Most of the images shown on the page were archived 35 minutes before that capture.

I've tried using an odd image size for an example image in my Wikipedia sandbox. MediaWiki generates scaled thumbnails from images originally uploaded to the server by users, so it's very likely that the image was never rendered until a few minutes ago.

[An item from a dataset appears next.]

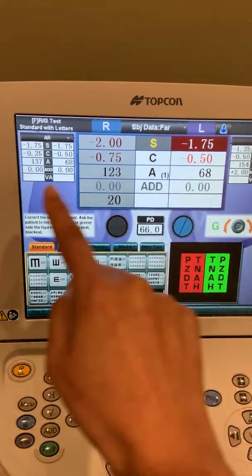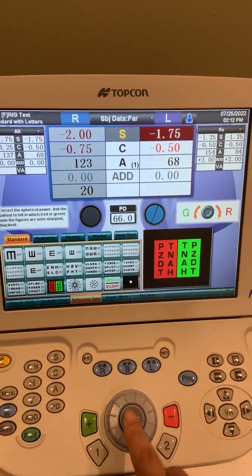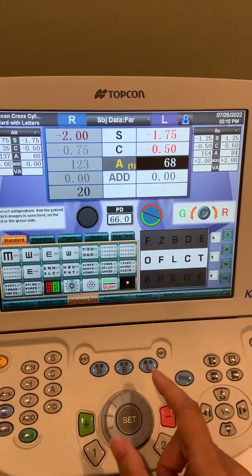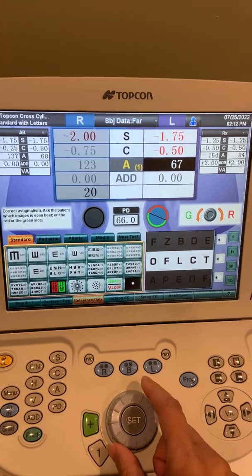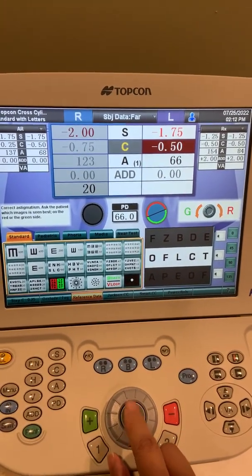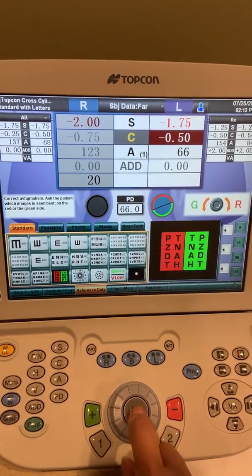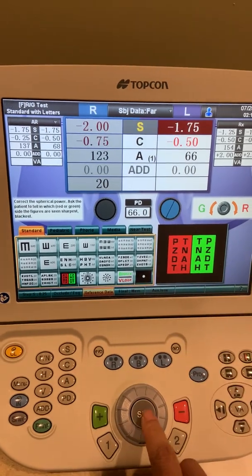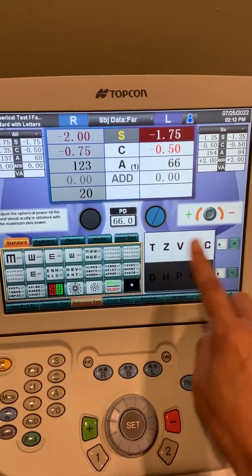Same idea — instructions are here and the screen is here. If they say equal, you just press this button. If they say red or green, go ahead and go in that direction, and then hit set if it's equal. Same thing for the cylinder power, then hit set. It will check again the spherical power, and then don't forget to press the visual acuity.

curl -s "https://web.archive.org/save/https://en.wikipedia.org/wiki/User:Jc86035/sandbox3"
curl -s "https://web.archive.org/web/20190110140927/https://en.wikipedia.org/wiki/User:Jc86035/sandbox3" | grep -o '/web/[^"<>()]*\.png'

/web/20190110140927im_/https://en.wikipedia.org/static/apple-touch/wikipedia.png
/web/20190110140927im_/https://upload.wikimedia.org/wikipedia/commons/thumb/8/84/Example.svg/277px-Example.svg.png
/web/20190110140927im_/https://upload.wikimedia.org/wikipedia/commons/thumb/8/84/Example.svg/416px-Example.svg.png 1.5x, //web.archive.org/web/2/https://upload.wikimedia.org/wikipedia/commons/thumb/8/84/Example.svg/554px-Example.svg.png
/web/20190110140927im_/https://en.wikipedia.org/static/images/wikimedia-button.png
/web/20190110140927im_/https://en.wikipedia.org/static/images/wikimedia-button-1.5x.png 1.5x, /web/20190110140927im_/https://en.wikipedia.org/static/images/wikimedia-button-2x.png
/web/20190110140927im_/https://en.wikipedia.org/static/images/poweredby_mediawiki_88x31.png
/web/20190110140927im_/https://en.wikipedia.org/static/images/poweredby_mediawiki_132x47.png 1.5x, /web/20190110140927im_/https://en.wikipedia.org/static/images/poweredby_mediawiki_176x62.png

The Example.svg.png image links have not been saved yet (277px · 416px · 554px); thus the absence of _embed URLs does not indicate that the Internet Archive has saved the linked embedded content.

Fair enough! If that's the approach they are taking, then headless browser seems to be the way to go.